It’s been a little while since the last blog post (sorry!), but today I want to show you a technique that I’ve personally found really useful when creating vehicle engines. This technique is probably most useful for sci-fi vehicles like spaceships and such, but if you’re creative enough with it, you can take it very far! Let’s get started!

What we’re basically going to be doing in Massive, is using a macro to act as the RPM parameter from the game. Try following along and see what you can come up with by the end of this post.

Here We Go! Vroom!

The first thing I do, is assign the macro to modulate the pitches of the three different oscillators upwards. Modulate them in different amounts, to make it sound more realistic and less tonal. Which wavetable you use doesn’t matter, it all depends on taste, so pick some that you like. Now try playing a note, and move the macro. You’ll hear the pitch go up and down.

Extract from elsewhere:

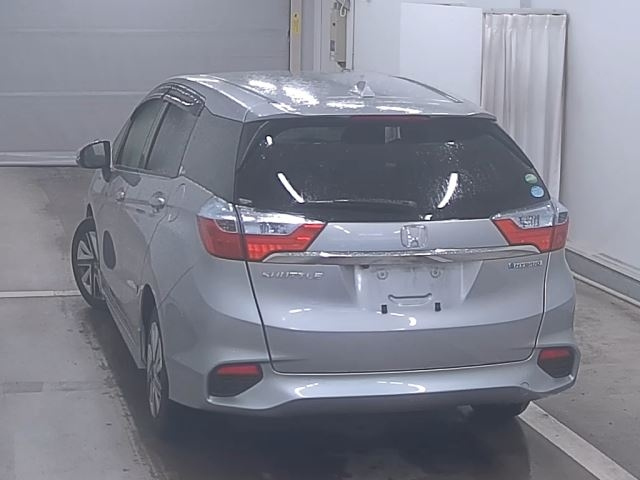 HONDA SHUTTLE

Now that you have a basic sound down that pitches up and down, it’s time to use the macro to modulate all sorts of other things in Massive. Remember, you want to convey how the engines and mechanics of the vehicle change, depending on how fast you drive. Here’s a list of things that you can potentially modulate!

Different Things To Modulate

Modulating filter and effects

You can modulate filters and effects. Remember that you can modulate each of the knobs, not just the ones I’ve chosen in this picture. Filters are a great choice, because they add some life to the sound over time that you wouldn’t otherwise get. The same goes with effects. You can smoothen some transitions, make it sound more sci-fi, rough, whatever you want with effects.

Modulating Insert Effects

Same goes with the insert effects in massive. Especially the saturation and distortion inserts are really great when trying to convey speed and aggressiveness in your engine/vehicle.

Modulating Noise

Modulating the noise is always great to fill out the sound and give it some subtle character. Again, you can really make an engine sound aggressive by using more noise, the higher the RPM gets. Also, try modulating the feedback!

Another very crucial step to adding life and getting your engine to sound more realistic, is playing around with the voicing of the sound. Raising the “Unisono”, “Pitch Cutoff” and “Wavetable Position”, will help fill out the sound and again, make it less tonal. It will also add a lot of complexity to the sound, which is something we usually want when creating engines, just to make them sound more like real mechanical structures.

Another thing you can do to change the sound drastically, is to change the oscillator mode (no idea if that what it’s actually called). Especially changing an oscillator’s mode to formant can give some much needed high end and intensity to a sound, and can be really powerful when it’s modulated.

It’s of course also worth mentioning that you can also put effects on the track itself, although you can’t control these with the macro. You might want to put on some reverb or tremolo, control the sound with a compressor and some EQ’s, and so forth.

Example Time!

Here’s a quick engine sound that I threw together in 5 minutes, just to demonstrate how quick and powerful this method can be when you get a hang of it.

Quick Engine Sound Example

Here’s how that engine sound looked it massive;

Getting Loops Ready For Implementation

The downside with this method is that you can’t directly take the sound you created into something like Wwise and FMOD, so we have to be a little creative with things. The best way I’ve found to implement this, is to render several loops at different macro percentages. It all depends on your needs.

Rendering loops at different macro percentages

In the picture above I’ve simply used automation on the macro, to let it render at different percentages. After that, you have to take those files and make seamless loops out of them. I recommend going with either 10% or 20% increments when rendering.

What you would now do on the middleware side of things, is to crossfade between all these loops with an RPM parameter and use some pitching, EQ and maybe tremolo so make the transitions smoother. You get almost the exact same sound at you would in Massive, with some slight differences of course, but you still retain that sense of complexity that your engine inside of Massive had.

That’s it for today! Hope you all enjoyed it, and be sure to let me know if it was useful!


  1. Make 5 different engines using the method shown above.
  2. Make an engine while modulating every single thing you can think of, inside of Massive.
  3. Try the process of exporting an engine with automation increments a couple of different times.
  4. Try implementing the engine in your favourite middleware and make it work.
  5. Make a little scene in Unity, Unreal (or whatever you like) where you can drive a car, and then make a RPM parameter that you can hook your engine sound up to.